This Chinese pepper steak takes just minutes to throw in the crockpot and it is even better than takeout! Digging into this beautiful bowl, you will never guess it is a healthy version of what you get from your local Chinese takeout. This dish is salty, sweet, and tangy, with an undertone of heat running through it. (Don’t worry – the heat is very mild – but you can certainly leave out the hot Thai chili paste if the idea of spicy scares you.) Low in fat and calories, gluten-free, and simple to make, this may be the perfect family meal. Serve with rice noodles or plain old rice for a gluten-free meal. For a low, low carb option, double the amount of beef broth and serve right out of the crockpot as an Asian “stoup” (something between a soup and a stew). Great for carbovores and low-carbers alike!
Start with a lean cut of beef and slice it into thin pieces.
Add these ingredients and the beef to the insert of the crockpot and stir. Cover and let your slow cooker do what it does best – cook while you go about your day.
During the last 30 minutes of cook time, add the cornstarch dissolved in water and stir. Turn the crockpot to Hi and leave uncovered for 20 minutes. Mix in the peppers. Put the cover back on and let cook for 10 more minutes.
Serve it up. Garnish with some cilantro or green onion. Enjoy!
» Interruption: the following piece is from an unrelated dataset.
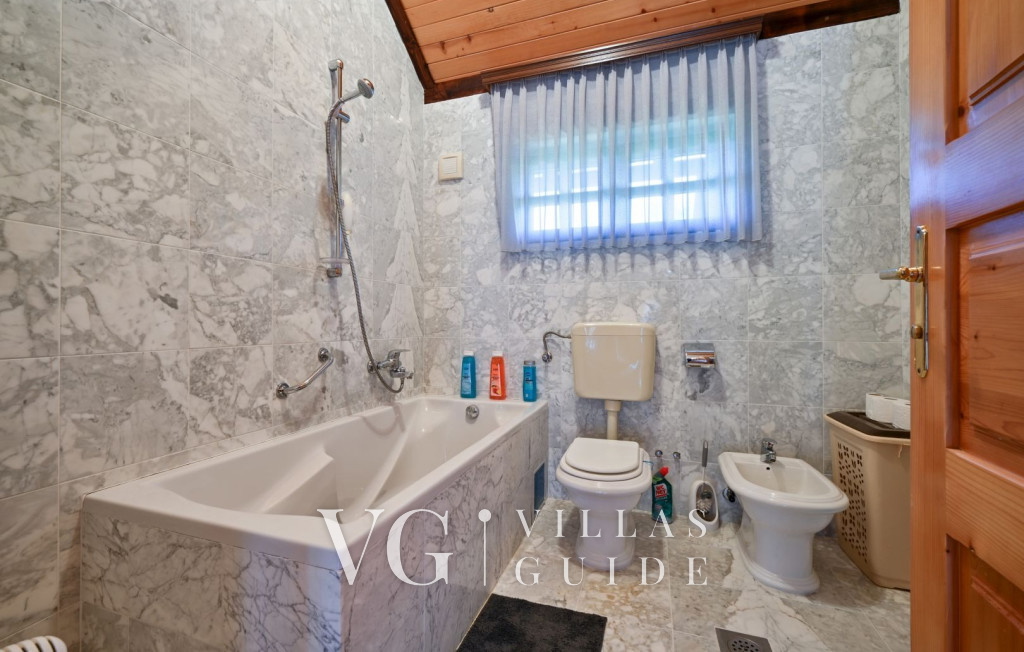 Villa Requiem Bathroom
- 2 pounds lean beef roast, such as Eye of Round or London Broil, sliced thinly against the grain
- 4 cups beef broth
- 3 TBSP soy sauce
- ¼ cup rice wine vinegar
- ¼ cup brown sugar, honey, or Splenda
- 1 teaspoon sesame oil
- 1 teaspoon Sriracha or hot Thai chili garlic sauce
- 2 inch piece fresh ginger, grated
- 5-6 garlic cloves, minced
- 3 tablespoons cornstarch, dissolved in about ⅓ cup warm water
- 3-4 red, yellow, orange, or green bell peppers, sliced (3-4 cups)
- ⅓ bunch of cilantro, chopped (optional)
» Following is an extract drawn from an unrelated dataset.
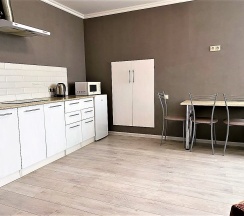 ул. Большая Манежная, 13-В в Megapolis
- 3-4 stalks scallions, sliced on the diagonal (optional)
- Combine all ingredients, beef through garlic, in a crockpot. Heat on high for 3-4 hours or on low for 6- 7 hours.
- During the last half hour of cooking, add cornstarch dissolved in warm water and stir. Put crockpot setting on Hi and keep lid off. Let cook 20 minutes. Liquid will thicken.
- Add the peppers. Cover. Cook 10 minutes.
- To make gluten-free, serve over rice or rice pasta. To make low-carb, serve alone. With both options, top with cilantro or scallions, if desired.